Copy exactly the lines of the data below, beginning with the line with "York Road, Woking" and ending with the line with "37 Folkstone Crescent, Ferntree". Pictures are to be omitted.

**EXTRACTED INFORMATION**
================================
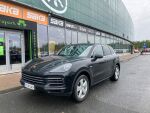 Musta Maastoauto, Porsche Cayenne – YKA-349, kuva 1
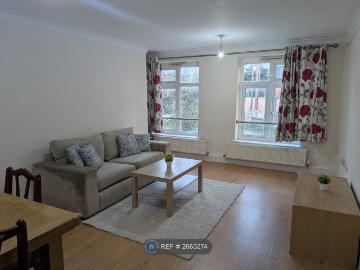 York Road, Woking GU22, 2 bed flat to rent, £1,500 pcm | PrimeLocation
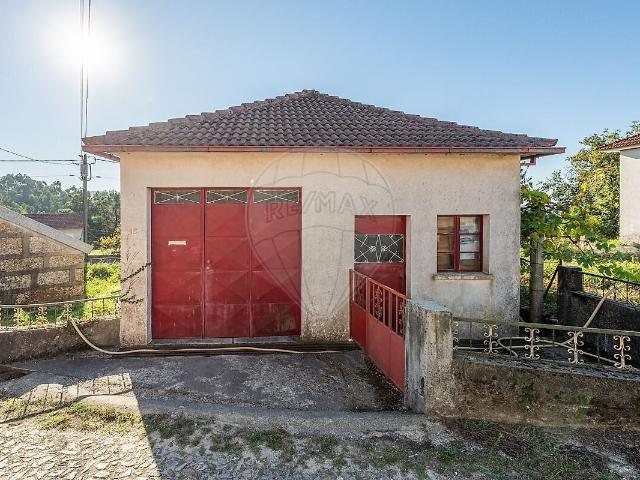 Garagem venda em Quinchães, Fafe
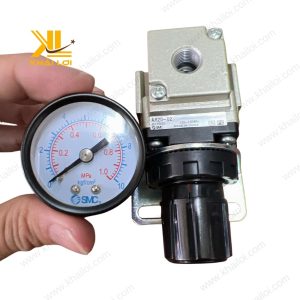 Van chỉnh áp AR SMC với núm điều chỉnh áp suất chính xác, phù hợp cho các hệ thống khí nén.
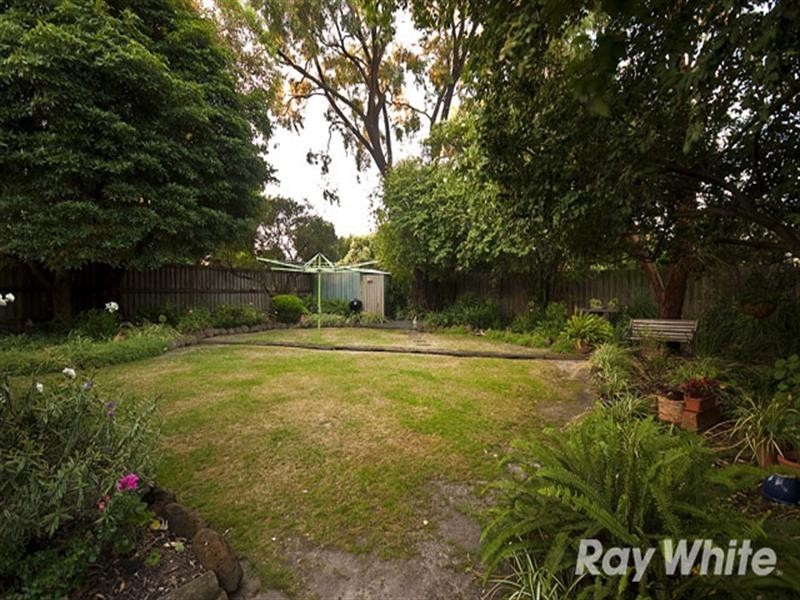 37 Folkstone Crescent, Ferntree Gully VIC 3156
================================
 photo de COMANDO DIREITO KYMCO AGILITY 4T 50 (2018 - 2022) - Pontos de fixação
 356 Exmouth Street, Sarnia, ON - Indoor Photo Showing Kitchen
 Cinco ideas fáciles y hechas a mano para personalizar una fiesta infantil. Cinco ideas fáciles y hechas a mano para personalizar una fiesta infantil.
================================
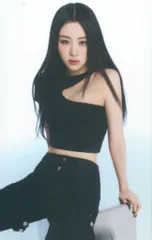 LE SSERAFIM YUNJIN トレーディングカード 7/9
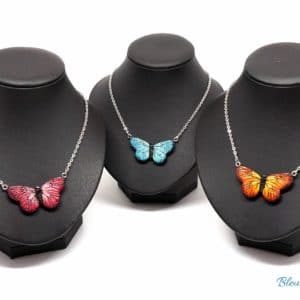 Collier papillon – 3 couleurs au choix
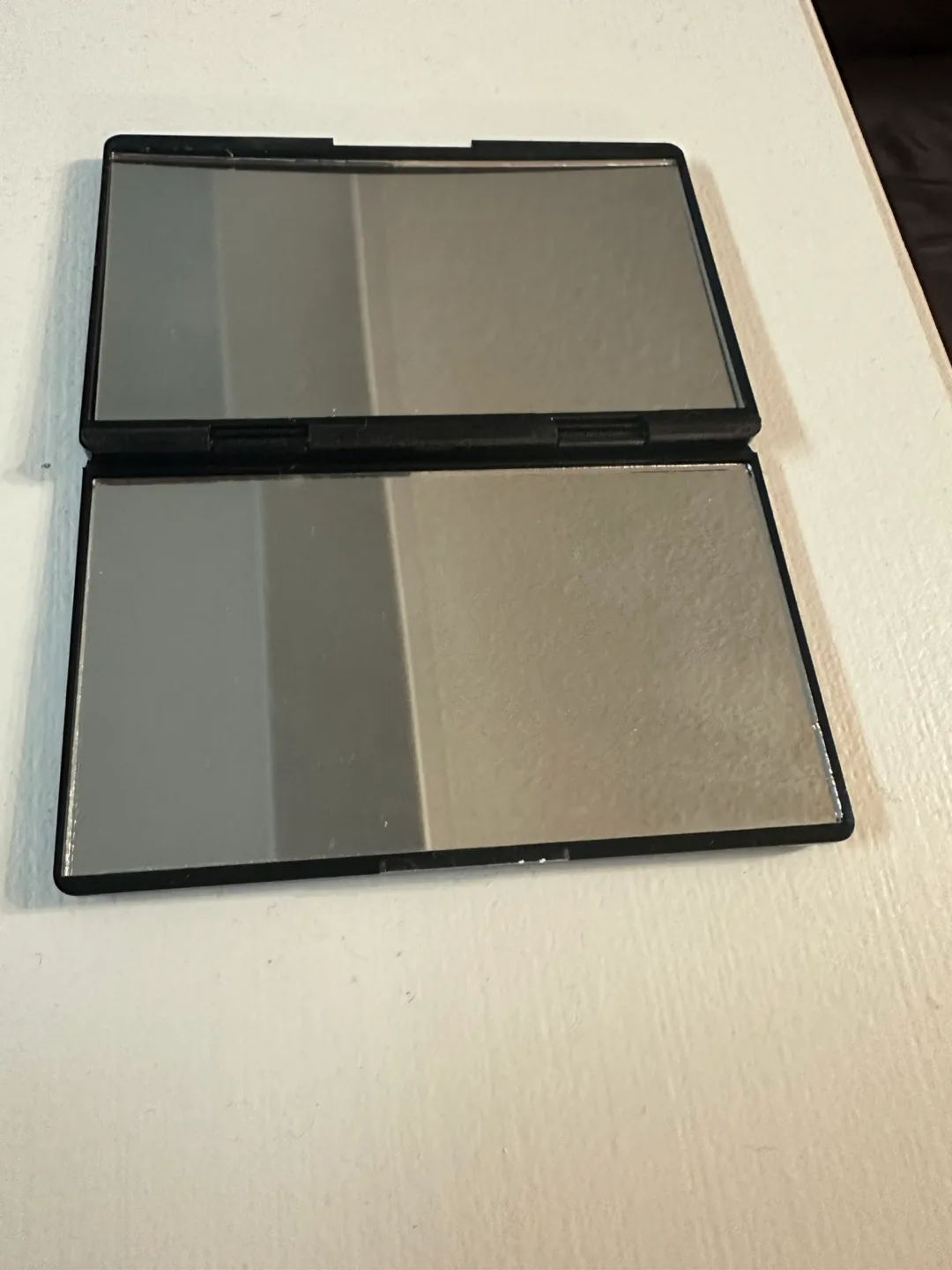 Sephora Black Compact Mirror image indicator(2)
================================
**TASK SOLUTION**
 York Road, Woking GU22, 2 bed flat to rent, £1,500 pcm | PrimeLocation
 Garagem venda em Quinchães, Fafe
 Van chỉnh áp AR SMC với núm điều chỉnh áp suất chính xác, phù hợp cho các hệ thống khí nén.
 37 Folkstone Crescent, Ferntree Gully VIC 3156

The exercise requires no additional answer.